| Work item |
Lines from the listing that hold the string "Punk" are what you should return.

| Material to process |
....
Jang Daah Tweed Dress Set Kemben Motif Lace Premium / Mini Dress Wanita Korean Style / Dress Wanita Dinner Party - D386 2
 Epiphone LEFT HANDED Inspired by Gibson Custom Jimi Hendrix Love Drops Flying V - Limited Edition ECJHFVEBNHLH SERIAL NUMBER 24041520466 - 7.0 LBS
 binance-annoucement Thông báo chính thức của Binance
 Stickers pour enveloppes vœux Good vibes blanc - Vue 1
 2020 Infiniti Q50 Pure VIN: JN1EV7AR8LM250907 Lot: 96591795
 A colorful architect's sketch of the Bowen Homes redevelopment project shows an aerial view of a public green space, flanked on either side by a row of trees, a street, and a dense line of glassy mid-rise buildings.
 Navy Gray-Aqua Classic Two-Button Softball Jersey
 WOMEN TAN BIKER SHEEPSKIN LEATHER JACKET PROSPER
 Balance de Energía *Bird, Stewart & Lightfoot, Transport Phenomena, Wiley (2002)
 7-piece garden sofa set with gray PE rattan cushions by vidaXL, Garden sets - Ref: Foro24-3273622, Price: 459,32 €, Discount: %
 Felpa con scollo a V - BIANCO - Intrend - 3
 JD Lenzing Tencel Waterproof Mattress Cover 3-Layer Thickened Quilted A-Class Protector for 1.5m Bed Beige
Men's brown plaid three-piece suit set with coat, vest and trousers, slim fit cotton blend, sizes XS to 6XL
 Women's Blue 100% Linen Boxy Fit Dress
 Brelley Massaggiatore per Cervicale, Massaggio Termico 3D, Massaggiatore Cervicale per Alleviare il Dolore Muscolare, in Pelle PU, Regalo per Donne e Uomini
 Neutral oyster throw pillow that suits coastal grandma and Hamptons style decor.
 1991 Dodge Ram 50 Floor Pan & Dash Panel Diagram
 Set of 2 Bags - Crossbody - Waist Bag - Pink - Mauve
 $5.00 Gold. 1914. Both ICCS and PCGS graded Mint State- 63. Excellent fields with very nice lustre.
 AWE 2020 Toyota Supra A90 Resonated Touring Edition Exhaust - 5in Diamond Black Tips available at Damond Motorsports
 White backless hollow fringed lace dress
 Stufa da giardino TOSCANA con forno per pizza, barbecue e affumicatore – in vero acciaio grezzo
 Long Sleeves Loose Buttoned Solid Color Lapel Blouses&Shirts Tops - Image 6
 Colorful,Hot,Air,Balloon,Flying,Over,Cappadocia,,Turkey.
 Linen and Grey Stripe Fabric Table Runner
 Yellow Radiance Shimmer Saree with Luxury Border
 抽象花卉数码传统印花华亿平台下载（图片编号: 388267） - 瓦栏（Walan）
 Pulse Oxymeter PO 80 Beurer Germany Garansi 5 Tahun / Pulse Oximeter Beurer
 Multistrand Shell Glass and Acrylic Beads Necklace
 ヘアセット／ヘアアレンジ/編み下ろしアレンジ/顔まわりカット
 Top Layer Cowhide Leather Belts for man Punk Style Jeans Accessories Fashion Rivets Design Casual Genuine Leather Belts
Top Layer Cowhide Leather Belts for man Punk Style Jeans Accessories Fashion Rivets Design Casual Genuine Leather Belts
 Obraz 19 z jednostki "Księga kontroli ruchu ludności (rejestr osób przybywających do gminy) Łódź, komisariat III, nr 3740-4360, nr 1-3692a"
....
| Solution to this problem |
 Top Layer Cowhide Leather Belts for man Punk Style Jeans Accessories Fashion Rivets Design Casual Genuine Leather Belts
Top Layer Cowhide Leather Belts for man Punk Style Jeans Accessories Fashion Rivets Design Casual Genuine Leather Belts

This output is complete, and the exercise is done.